At their most basic, julehjerte are simple enough for children to do. In fact they are a fantastic craft to keep the little humans busy for a little while. It’s great for developing fine motor coordination.
If you’ve never made one before, you’re in for a treat! Begin with two contrasting colours and and fold cut them like so:
(Note: I layer them before I cut so the cuts match. Also note: there are patterns available online but I like to live on the wild side so I free-hand it.)
Next you’ll weave them together. Since you’re weaving folded paper instead of a flat sheet it’s helpful to think of it as around and through instead of over and under.
If you do the around and through part correctly then you’ll end up with a cone-shaped basket. It’s perfect for storing little trinkets!
Make lots! Play around with size and each one will be different. Aren’t they just so much fun?
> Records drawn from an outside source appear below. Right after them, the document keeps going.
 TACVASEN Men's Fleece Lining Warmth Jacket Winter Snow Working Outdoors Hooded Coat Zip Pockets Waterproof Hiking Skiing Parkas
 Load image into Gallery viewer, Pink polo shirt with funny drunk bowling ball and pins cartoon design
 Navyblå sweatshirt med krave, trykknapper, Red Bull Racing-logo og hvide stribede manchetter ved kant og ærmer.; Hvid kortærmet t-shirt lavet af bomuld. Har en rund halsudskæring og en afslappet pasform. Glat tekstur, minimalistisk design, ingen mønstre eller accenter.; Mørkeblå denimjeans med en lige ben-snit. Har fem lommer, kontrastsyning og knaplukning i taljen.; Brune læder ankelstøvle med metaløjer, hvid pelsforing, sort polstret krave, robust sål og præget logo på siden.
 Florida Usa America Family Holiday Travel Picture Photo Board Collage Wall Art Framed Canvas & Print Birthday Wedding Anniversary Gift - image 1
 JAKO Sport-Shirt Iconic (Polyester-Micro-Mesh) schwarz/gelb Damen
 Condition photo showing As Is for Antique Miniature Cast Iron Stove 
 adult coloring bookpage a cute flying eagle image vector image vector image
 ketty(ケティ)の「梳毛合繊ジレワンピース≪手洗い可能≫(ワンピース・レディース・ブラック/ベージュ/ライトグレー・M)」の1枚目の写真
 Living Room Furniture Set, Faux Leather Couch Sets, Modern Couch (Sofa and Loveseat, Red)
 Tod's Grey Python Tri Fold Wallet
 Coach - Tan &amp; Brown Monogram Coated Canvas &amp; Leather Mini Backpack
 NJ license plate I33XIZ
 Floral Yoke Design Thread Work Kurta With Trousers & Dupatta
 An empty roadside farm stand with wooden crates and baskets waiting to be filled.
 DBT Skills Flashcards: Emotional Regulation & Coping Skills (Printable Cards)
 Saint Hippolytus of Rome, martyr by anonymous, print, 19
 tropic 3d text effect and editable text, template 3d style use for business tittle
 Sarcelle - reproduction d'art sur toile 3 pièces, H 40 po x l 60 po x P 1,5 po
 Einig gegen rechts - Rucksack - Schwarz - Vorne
As I discovered after falling down the Pinterest rabbit hole, however, these hearts can be quite elaborate. I am completely captivated by the variations! I found an entire blog dedicated to julehjerte patterns. I couldn’t resist giving the Mary and Joseph heart a try. I found the pattern here. What shall I make next? And more importantly: what will you make?
Also, a word of caution for these fancier julehjerte, they are a lot harder to weave together. Definitely too complicated for young children or adults who lack patience and fine motor skills.
I think for my next julehjerte I shall play around with different papers and designs. Origami paper has different colours on different sizes. Oh! and I’ll use sheet music to make some gifts for my piano students! Oh I’m so excited at the new possibilities that I’ve got to go experiment right now…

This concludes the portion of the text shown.